Where is my magic wand?

     Hello, lovelies. 


          They say patience is a virtue, but given half a chance, I bet most of us would take the easiest route possible. It’s not that we want to jump the queue or be rewarded for skipping the boring bits, it's just that we all have so much to do, that putting in the time, money or effort needed is sometimes a step too far. And I find that I don’t have the time to do any of the things that I want to do. Honestly, I am never going to read a third of the books that are all neatly piled up on my overflowing bookshelves. I have still to paint my bedroom, which has been on my to-do list for about two years now. And as for my beloved allotment, I cannot tell you where my days have gone, because I can never seem to find the time to go there. Why can’t all the things in life be easy? For some, they can pick up something quickly, whereas, for me, everything just takes such a long time. Like writing this blog, for example. I have sat in front of my laptop about ten times today, but as soon as I start writing, the time disappears and I have to jump up and try to finish off one of the hundred tasks that I should be doing. But why does everything take so much longer for me than others? Why is everything I do always such a struggle? And why can’t I have a magic wand to make all the hard work simply just go away?


          I have always struggled with understanding the world. All through my life, I have watched my peers see, learn and master whatever it was, whilst I would stare in bewilderment not even knowing how to start. Growing up I was always put in the lower sets and would spend hours and hours working to rise through the levels. And for the most part it worked. But I cannot tell you how demoralising it was to know how hard I had worked, only to see my classmates master it on the first go. Now, many, many years later, I know that I am dyslexic, but that can’t be the only reason for the endless work I have to do just to keep up with everyone else. Take my new venture, for example. Three weeks ago, I decided to learn how to touch type. Of course, I can type, but only with my index and middle fingers on both hands while looking at my fingers, and I cannot tell you the jumble I would sometimes see when I would look up at the screen to see what could easily be mistaken for ancient sand script. Sometimes even spell check gives up and has no idea what I’m trying to say. Now, in the evenings, I would sit at my laptop working my way through practice paragraphs online, trying to build up my touch-typing agility only to be told that I am now at the milestone that should be achieved by an eight-year-old. So, if a child should be able to do it, why I am struggling so much? Why can’t someone wave a magic wand and make all the hard work go away? 

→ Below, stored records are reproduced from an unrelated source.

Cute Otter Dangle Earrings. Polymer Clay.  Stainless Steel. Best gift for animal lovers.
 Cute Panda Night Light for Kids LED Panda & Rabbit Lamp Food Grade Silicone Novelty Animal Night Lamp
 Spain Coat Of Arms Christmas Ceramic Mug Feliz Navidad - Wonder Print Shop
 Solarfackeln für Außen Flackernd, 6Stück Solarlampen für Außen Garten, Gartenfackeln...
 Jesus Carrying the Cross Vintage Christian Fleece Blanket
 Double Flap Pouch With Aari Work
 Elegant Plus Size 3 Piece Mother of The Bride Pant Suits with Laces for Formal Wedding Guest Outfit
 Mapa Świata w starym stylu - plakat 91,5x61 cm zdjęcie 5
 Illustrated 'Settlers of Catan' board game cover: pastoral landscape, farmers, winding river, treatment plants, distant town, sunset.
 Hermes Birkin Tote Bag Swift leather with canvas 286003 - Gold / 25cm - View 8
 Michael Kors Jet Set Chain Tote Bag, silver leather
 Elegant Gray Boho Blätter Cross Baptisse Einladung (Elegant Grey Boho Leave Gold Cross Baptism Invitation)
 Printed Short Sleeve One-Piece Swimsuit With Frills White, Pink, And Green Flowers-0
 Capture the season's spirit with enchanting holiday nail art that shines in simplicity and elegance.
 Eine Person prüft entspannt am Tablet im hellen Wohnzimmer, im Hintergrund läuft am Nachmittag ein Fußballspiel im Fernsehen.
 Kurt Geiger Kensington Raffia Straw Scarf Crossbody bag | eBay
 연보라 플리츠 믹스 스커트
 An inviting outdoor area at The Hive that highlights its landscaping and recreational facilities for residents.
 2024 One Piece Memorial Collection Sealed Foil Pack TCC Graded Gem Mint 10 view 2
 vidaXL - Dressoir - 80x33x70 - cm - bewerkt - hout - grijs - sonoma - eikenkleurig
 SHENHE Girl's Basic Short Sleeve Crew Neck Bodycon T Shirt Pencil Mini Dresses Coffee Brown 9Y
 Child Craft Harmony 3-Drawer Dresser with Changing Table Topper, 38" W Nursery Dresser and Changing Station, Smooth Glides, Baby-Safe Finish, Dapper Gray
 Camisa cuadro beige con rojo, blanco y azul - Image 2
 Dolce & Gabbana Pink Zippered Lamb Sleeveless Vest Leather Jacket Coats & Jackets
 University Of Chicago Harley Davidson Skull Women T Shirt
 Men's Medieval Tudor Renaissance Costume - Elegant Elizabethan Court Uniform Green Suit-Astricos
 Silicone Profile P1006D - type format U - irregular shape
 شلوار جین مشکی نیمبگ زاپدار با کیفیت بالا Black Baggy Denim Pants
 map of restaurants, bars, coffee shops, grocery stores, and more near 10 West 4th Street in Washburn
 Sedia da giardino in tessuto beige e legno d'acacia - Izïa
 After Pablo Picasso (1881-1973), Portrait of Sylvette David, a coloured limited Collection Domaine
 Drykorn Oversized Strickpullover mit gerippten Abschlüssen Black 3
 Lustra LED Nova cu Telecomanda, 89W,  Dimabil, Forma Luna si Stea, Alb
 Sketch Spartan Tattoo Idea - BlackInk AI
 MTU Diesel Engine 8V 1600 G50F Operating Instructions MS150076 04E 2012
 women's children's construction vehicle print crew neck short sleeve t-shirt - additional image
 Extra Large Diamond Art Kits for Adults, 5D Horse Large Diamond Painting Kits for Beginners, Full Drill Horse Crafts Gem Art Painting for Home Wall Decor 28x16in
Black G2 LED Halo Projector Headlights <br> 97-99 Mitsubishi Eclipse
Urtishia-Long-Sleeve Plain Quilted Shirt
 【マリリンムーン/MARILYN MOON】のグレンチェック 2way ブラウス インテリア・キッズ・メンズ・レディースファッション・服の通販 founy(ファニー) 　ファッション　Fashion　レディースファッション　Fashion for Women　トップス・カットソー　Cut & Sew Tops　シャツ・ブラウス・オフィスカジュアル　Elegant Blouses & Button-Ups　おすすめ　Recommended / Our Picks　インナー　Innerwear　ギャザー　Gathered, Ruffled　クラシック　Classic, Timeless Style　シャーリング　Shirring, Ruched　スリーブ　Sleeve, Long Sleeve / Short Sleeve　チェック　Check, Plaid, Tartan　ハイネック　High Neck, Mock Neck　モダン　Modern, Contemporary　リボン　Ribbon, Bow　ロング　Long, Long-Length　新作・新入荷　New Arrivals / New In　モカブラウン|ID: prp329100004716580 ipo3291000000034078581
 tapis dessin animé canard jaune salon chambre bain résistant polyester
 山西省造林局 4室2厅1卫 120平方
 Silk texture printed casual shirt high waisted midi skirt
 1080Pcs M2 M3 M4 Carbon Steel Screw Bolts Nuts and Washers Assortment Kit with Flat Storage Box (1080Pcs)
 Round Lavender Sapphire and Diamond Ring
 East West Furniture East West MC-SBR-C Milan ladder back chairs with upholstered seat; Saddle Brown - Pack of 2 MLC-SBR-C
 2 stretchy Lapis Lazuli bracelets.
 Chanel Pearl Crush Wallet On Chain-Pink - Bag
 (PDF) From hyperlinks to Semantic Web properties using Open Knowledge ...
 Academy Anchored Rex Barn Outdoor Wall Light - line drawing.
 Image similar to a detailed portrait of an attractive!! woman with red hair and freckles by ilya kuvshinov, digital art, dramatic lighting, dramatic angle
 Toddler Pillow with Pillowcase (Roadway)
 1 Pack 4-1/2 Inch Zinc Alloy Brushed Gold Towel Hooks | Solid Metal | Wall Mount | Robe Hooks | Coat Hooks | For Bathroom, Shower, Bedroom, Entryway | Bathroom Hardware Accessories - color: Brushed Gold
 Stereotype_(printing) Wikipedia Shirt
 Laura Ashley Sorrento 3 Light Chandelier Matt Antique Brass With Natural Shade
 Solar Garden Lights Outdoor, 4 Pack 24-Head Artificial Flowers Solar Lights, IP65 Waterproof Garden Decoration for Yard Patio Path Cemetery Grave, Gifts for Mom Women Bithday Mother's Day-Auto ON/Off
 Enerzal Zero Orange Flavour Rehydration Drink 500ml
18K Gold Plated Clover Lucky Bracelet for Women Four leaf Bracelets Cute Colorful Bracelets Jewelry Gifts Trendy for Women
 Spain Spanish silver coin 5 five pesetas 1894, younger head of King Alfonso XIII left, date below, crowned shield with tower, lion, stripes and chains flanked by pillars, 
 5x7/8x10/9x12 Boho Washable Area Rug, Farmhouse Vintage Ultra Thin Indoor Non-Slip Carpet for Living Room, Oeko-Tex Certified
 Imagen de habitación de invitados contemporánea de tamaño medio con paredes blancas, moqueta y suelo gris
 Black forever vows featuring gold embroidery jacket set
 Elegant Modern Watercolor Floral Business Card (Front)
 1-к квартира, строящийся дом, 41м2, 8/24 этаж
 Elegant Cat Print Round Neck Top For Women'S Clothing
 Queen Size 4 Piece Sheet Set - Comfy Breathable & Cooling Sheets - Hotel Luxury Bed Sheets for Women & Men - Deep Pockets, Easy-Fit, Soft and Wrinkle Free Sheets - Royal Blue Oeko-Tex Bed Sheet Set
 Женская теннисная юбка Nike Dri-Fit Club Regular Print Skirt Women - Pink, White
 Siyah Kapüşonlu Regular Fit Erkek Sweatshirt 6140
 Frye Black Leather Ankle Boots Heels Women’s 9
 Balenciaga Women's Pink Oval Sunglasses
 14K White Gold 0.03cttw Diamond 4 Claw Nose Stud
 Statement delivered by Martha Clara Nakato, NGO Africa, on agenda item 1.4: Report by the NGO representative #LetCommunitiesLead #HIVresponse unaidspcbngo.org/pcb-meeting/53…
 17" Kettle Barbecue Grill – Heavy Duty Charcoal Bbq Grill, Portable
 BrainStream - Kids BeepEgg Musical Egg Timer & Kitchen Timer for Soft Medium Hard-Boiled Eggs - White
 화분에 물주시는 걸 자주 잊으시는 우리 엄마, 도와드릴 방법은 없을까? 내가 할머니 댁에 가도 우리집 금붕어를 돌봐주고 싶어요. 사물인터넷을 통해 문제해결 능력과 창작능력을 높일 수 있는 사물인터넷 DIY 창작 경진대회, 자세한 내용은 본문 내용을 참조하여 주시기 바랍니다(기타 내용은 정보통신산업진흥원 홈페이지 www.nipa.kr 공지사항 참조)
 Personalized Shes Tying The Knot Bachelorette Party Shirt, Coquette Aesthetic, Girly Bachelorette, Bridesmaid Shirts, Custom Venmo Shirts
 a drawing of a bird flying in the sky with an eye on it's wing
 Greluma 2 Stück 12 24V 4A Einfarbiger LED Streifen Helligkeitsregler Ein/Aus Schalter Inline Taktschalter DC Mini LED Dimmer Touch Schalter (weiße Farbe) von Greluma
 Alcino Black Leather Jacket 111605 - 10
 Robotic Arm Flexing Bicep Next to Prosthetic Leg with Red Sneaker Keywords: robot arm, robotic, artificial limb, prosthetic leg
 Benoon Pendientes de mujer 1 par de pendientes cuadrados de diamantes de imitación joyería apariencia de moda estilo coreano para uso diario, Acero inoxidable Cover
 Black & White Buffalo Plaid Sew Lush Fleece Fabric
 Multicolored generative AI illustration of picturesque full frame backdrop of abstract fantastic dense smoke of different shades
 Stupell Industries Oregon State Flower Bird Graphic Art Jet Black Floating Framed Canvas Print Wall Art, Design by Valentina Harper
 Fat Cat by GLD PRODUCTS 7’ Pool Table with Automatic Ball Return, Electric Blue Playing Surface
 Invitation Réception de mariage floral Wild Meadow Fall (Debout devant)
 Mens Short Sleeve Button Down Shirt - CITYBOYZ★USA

        I don’t know about you, but I never get enough sleep. As soon as I wake up in the morning I’m running. Running to get to the bathroom before my daughter does. Running to get through the morning traffic. Running to get to work. Running to get to the end of the day so I can go to bed and start the whole thing all over again. And you would think that as sleep is my absolute favourite thing in the world to do, I would make sure that I could spare the time to do it. But as soon as I get home from work, I endlessly try and tick off some things on my to-do list, which I never seem to get to the bottom of, I am too tired to go to bed. At the time that most people get ready to go to bed, they could read for a bit or play a few games on their phones, and then roll over and turn off the light, I am still trying to work out where all the time has gone. And I am still no closer to doing any of the things I would rather be doing. Also, as much as I love eating fruit and vegetables, I don’t eat anywhere close to five pieces of fruit and veg a week let alone a day. Then the fact that I always seem to be taking on work and responsibilities way more than I should. Could any of that contribute to my struggles? Is that why I can’t find my wand? 



      I was talking to a very good friend of mine and I was telling her that I felt like a complete failure because I could only type 28 words a minute and not the 300 that I was expecting from myself, even after all the hours that I have put into it over the past 21 days, and she laughed at me. She then asked me what was I expecting after such a short period. It can take months to build up to 60 words per minute, let alone faster than that. And then she told me a story about when she was learning to type. When she learnt, she found it very difficult, but as her job needed her to speed type asap, she had no other choice than to learn. To everyone else in the office, it looked like my friend was an instant expert in typing, but she told me that it was all a bluff. When she looked as if she had mastered the art, what she was doing before she walked into the office, was closing her eyes, taking a big breath and acting confidently. When she walked into the office, she acted as if she was completely in control of her life. She told me that she was no better than anyone else, but she acted with confidence, and those around her didn’t see all the hard work she put into learning the skill, but the projection of someone who knew what she was doing.

         I know that everyone struggles, life is full of hardships, and just because some people can learn new skills faster than others, doesn’t mean that they didn’t have to put in a lot of hard work too. And judging myself against them is doing both of us a disservice. So, I am going to have to put the hours in, and patiently sit at my laptop and learn, just as everyone else has had to do. Oh, and maybe I should cut my workload down, seriously look into my diet and lack of exercise and prioritise sleep over trying to get to the bottom of my to-do list. I don’t need a magic wand, even if I’d really like one. And once I have master the art of typing, then I can feel really proud in my achievements, something of which I wouldn’t t feel if all the hard work magically went away. So no magic wand for me.